Condi Rice appointed Wolfowitz - apparently part of her campaign that featured the appointment of Eliot Cohen
to become to her Counselor at the State Department to co-opt neo-cons -
back in January this year. Like the Defense Policy Board, the ISAB
became under Bush a stronghold for all manner of national-security
hawks (among the members are former Undersecretary for Arms Control and
International Security Affairs Robert Joseph; James Woolsey; former Defense Secretary James Schlesinger; and missile-defense devotees associated with the Center for Security Policy, the National Institute for Public Policy, and Southwest Missouri State University, including Keith Payne, Robert Pfaltzgraff, and William Van Cleave),
as well as executives from the arms industry (Lockheed, Boeing, SAIC,
to name a few). Wolfowitz's appointment, coming after his disgrace at
the Bank - not to mention his performance as Rumsfeld's deputy and
Douglas Feith's superior from 2001 to 2005 - was seen as a kind of
token public redemption that would presumably have little consequence
in actual policy terms.
That assessment may have been premature, because, judging by an article appearing in Wednesday's Washington Times
by Bill Gertz, Wolfowitz's ISAB may be trying to gin up tensions with
China, acting as a new "Team B" in persuading policymakers and the
public at large that Beijing's military modernization, especially its
missile program, is more threatening to the U.S. than, in Gertz's
words, "many current government and private-sector analyses" have
depicted it. At least, that's the message of the article, which is
purportedly based on a draft of an ISAB report that Gertz says is due
out in a few weeks.
According to Gertz's account, the report, the product of a task
force headed by Joseph, recommends that the U.S. "should undertake the
development of new weapons, sensors, communications, and other programs
and tactics to convince China that it will not be able to overcome the
U.S. militarily" and specifically that it obtain, in Gertz's words,
"new offensive space and cyber warfare capabilities and missile
defenses as well as 'more robust sea- and space-based capabilities' to
deter any crisis over Taiwan." As Gertz points out, Washington has
until now repeatedly reassured Beijing that its missile defense efforts
were directed solely against "rogue states" like North Korea and Iran.

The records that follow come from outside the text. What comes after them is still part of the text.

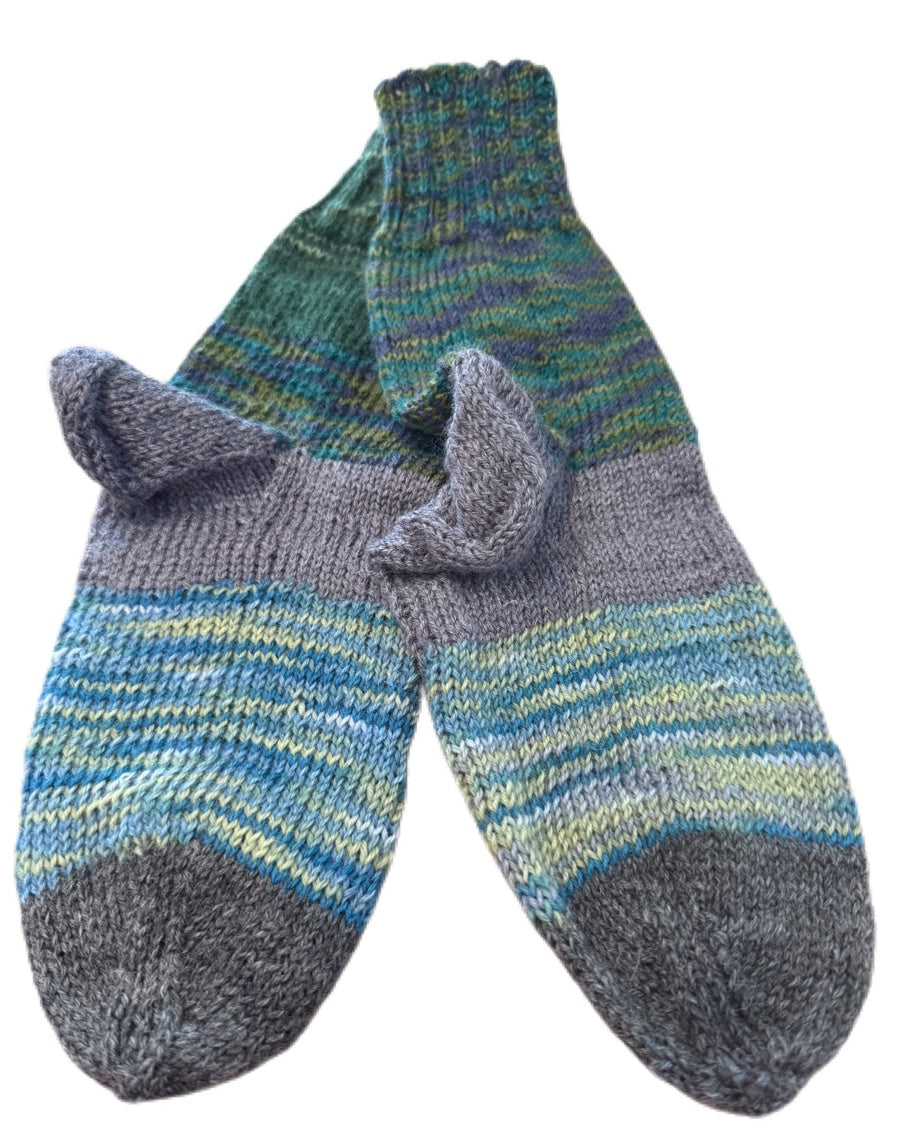 Socken Grösse 35/36 -handgestrickt- (01/115)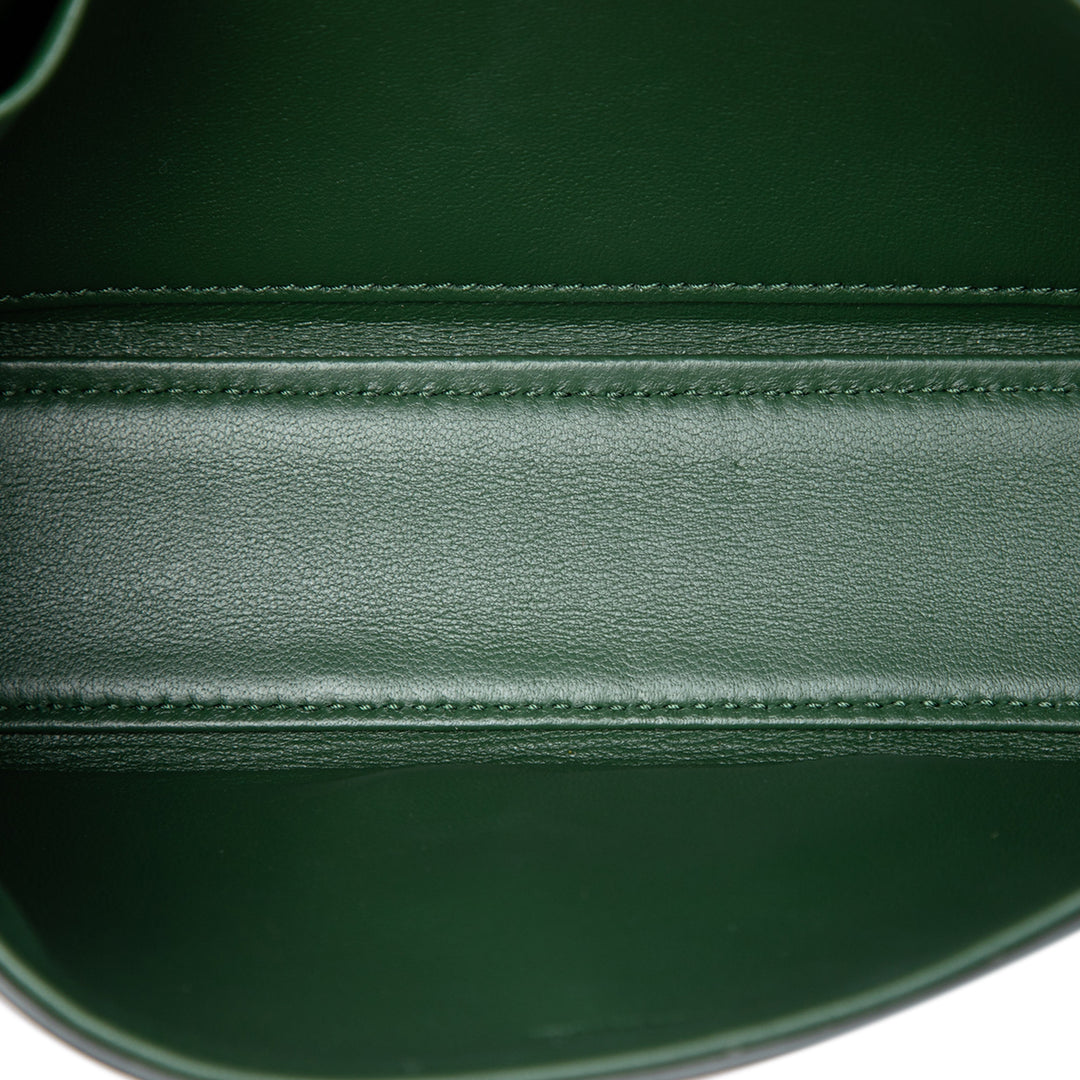 brillant Triomphe Claude Sac Cuir de veau Vert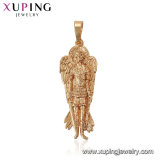 33628 Fashion Lively Human 18K Gold-Plated Imitation Jewelry Pendant Chain in Environmental Copper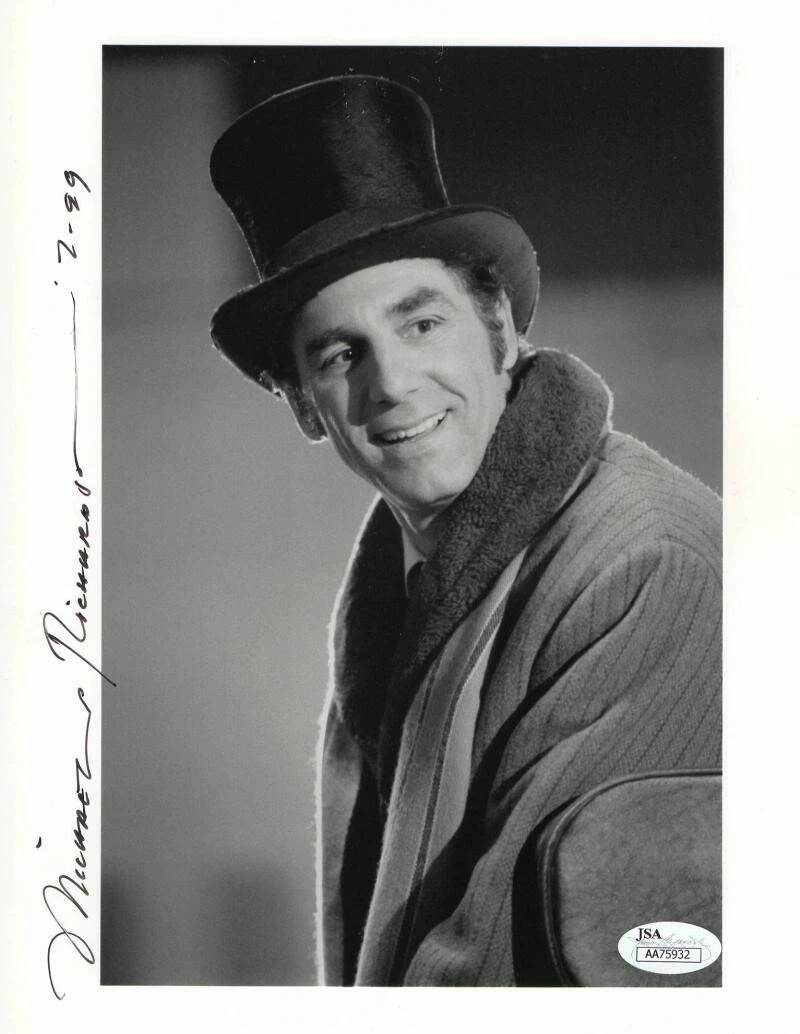 MICHAEL RICHARDS SIGNED AUTOGRAPH 8x10 PHOTO - COSMO KRAMER SEINFELD RARE JSA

The report also predicts that China will have more than 100 nuclear
missiles, some with multiple warheads, capable of reaching the U.S. by
2015, compared to only 20 missiles at the present time. "To avoid an
'emerging creep' by China toward strategic nuclear coercion, 'the
United States will need to pursue new missile defense capabilities,
including taking full advantage of space,'" Gertz quotes the report as
asserting.
The report, according to Gertz, also stresses - and this is where
Wolfowitz's stewardship of the U.S.-Taiwan Business Council raises
questions - the pivotal importance of Taiwan in all this. Again quoting
from the draft, Gertz writes:
"'In China's view, Taiwan is the key to breakout: If
China is to become a global power, the first step must include control
of this island.' Taking over the island would allow China to control
the seas near ts coasts and to project power eastward, the report said."China views Taiwan ...as central to 'the legitimacy of the regime and
key to power projection,' the report said. Taiwan is seen by China as a
way to deny the United States a key ally in 'a highly strategic
location' of the western Pacific, the report said."...The advisory panel report also recommended that the U.S. increase sales of advanced conventional forces to allies in Asia..."
Now, one has to be careful about anything that Gertz reports,
particularly about China. A charter member of the "Blue Team" - the
group of hawkish policy specialists, Congressional staff, and
journalists (including Kristol and Kagan and their Project for the New
American Century) who, from the end of the Cold War until 9/11,
insisted that Beijing represented the single greatest threat to U.S.
hegemony and global peace and security - Gertz has been obsessed with
the ChiComs for years and has certainly been known to exaggerate and
take things out of context in his zeal to alert the world to the
looming peril that confronts it. It's also important to stress that
this remains a draft, which could be substantially toned down before it
reaches final form. It may not yet have even been seen by Wolfowitz,
whose chapter on China policy in Present Dangers, the book
published by PNAC before the 2000 elections, was almost certainly
considered insufficiently alarmist by Blue Team stalwarts like Gertz.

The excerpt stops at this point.